Friday, October 30, 2009

The Rise of the Western Dictator (Daniel Chapter 7)

The evolutionary interpretation of human history sees it as a gradual rise from brutes and barbarism to a more and more advanced level of civilization and culture.  Generally, the outlook is associated with the doctrine of perfectibility and inevitable progress.  This philosophy places no limitations on the glorious heights to which man can and will ascend.

The Biblical analysis of man's history is just the opposite.  The Scripture narrates man's noble and perfect beginning and then proceeds to trace his descent from society with God to savagery.  Technologically, man has accomplished almost miracles; spiritually and ethically, he has been in retrogression since the fatal transgression in Eden.

The subject at hand gives us a glimpse of the end product--the final stage of man's swift downward plunge to beastiality and the ultimate in moral degradation.

Part 1 (Daniel 7: 1-14)

Chapter 7 turns the clock back to the accession year of Belshazzar when Daniel was granted a series of divine revelations which came to him through the medium of dreams and visions.  Not everything which Daniel saw in visionary form is recorded in detail; he wrote down only the salient features of their content--a kind of summary with special attention given to world kingdoms.

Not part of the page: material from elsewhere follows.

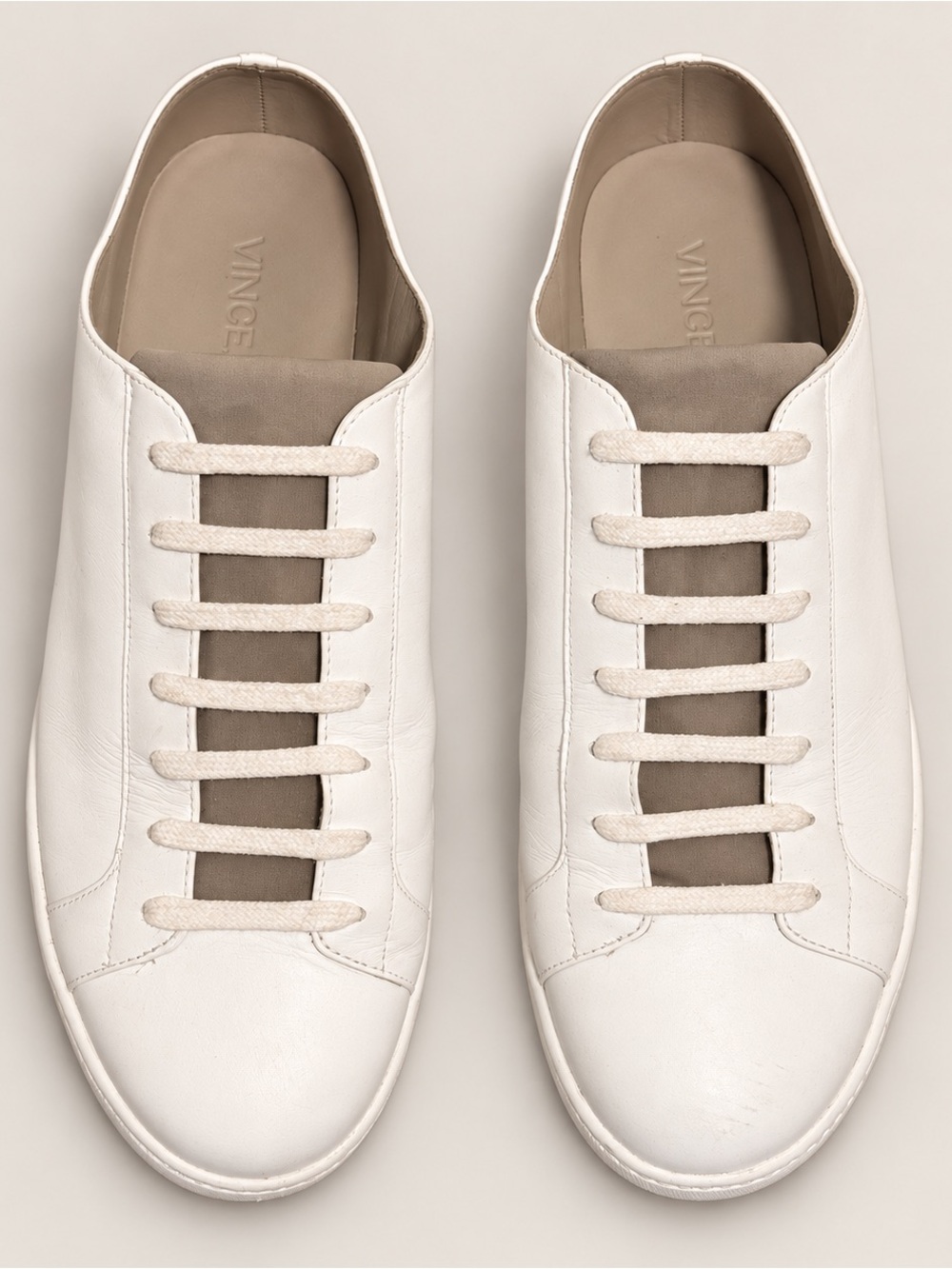 Vince Varley Leather Mule Slip-On Sneakers White Size 11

Actually, the content of Chapter 7 consists of four visions:
  1. The vision of the three beasts
  2. The vision of the fourth beast
  3. The vision of the judgment scene
  4. The vision of the coming of the Son of Man
First, Daniel saw a terrible tempest unleashed upon the area of the great sea.  "The four winds" suggest all the directions of the compass.  Violent agitation concentrates upon those territories bordering on the Mediterranean Sea.

The angels who are responsible for restraining universal commotion and catastrophe permit the storms to rage uncontrollably.  Out of the surging, billowing waters arose four tremendous monsters, each different from the other.

Daniel described each as it appeared beginning with a lion, continuing with a bear and a leopard, and concluding with the mention of a beast so ferocious and unique Daniel could compare it with no known creature.  It had iron teeth and ten horns.  In contemplating the ten horns, Daniel noticed the rise of an eleventh horn, occasioned by the uprooting of three of the other horns (vs. 8).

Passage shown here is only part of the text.